What the church fathers did, along with other theologians, was recognize that they were on to something. The transcendentals of truth, goodness, and beauty corresponded to the good, the true, and the beautiful. These terms speak of reality being knowable, reality in its right form being desirable, and reality in its proper expression of being causing a sense of delight in those that behold that reality.

In these terms, it’s an ontological thing, not simply epistemological — like some method of knowing something, just a methodology. The transcendentals of being get at the very ontology of reality.

Their insight was that God created the heavens and the earth in such a way that it is in fact knowable, at least explorable and discoverable in a growing, developing way. Not that you can know everything just by perceiving it in time. There is a propriety to things, something that by its nature was meant to be good. There’s a goodness and inherent goodness.

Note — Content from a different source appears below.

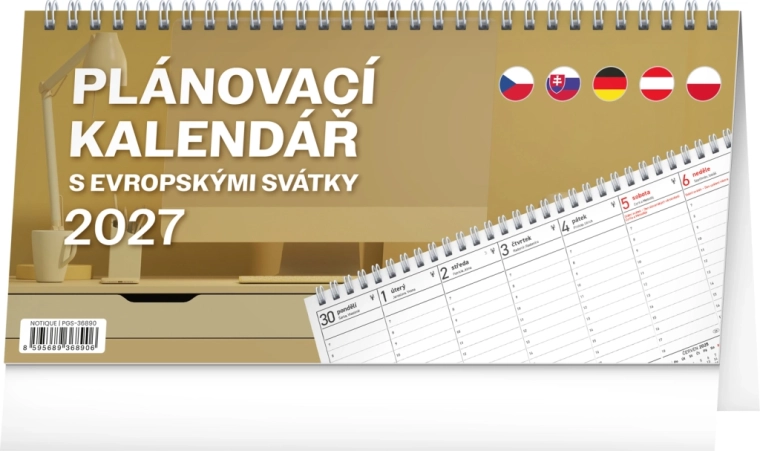 Notique stolní plánovací kalendář s evropskými svátky 2027 (25 × 12,5 cm)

When things are in their order and their propriety as they were meant to be, it causes delight. In this sense, beauty is not just a discrete thing, such as, “Oh, isn’t that sunset beautiful?” Or, “Isn’t that vista of the meadow something beautiful to behold?” But it was literally the metaphysics that they were working with. Their insight was the structure of reality. We can address and talk about it in these terms.

The theologians in the early church focused on beauty, the subjective nature of it. They did it in different ways. Anselm talked about the fittingness of God’s plan of redemption. The fittingness of, say, how the tree was involved in the devil’s temptation of Eve, but then how, in the plan of God, the devil is defeated by the Messiah being crucified on a tree, a wooden cross. Anselm is getting this, in large measure, from the legacy of Augustine himself. They paid attention to these symmetries, to these proportions, to the structure of the plan.

Now, sometimes their metaphysical assumptions drove them to overstate some things. For example, Anselm — following a lead of Augustine, I might add — said that the people God redeems are going to replace, one for one, the fallen angels because everything God does is perfectly symmetrical in such a way that there wouldn’t be anything where we would feel like there was too many of one being (in this case fallen angels).

They just assumed that was the way it was. They took some of their aesthetic assumptions and drove them a little too far. We can be forgiving, though, if something is over-presumed, or at least flag it. But we don’t have to throw the baby out with the bathwater.

We see in the very beginning, going back to Genesis, that the ideas of the true and the beautiful are part of the created order. Now this is in the context of Genesis 3, in the event of the fall of Adam and Eve. But what I’m quoting here in Genesis 3:6 precedes the event of the fall itself: “When the woman saw that the tree was good for food [there’s the good], and that it was a delight to the eyes [there’s the beautiful], and that the tree was to be desired to make one wise [there’s the true], she took of its fruit and ate.”

You can see these correspondences without forcing it. The early patristic and medieval theologians saw that. They said, “We can affirm some of these insights from some of the Greek sages and see where they’re consistent with the biblical story.”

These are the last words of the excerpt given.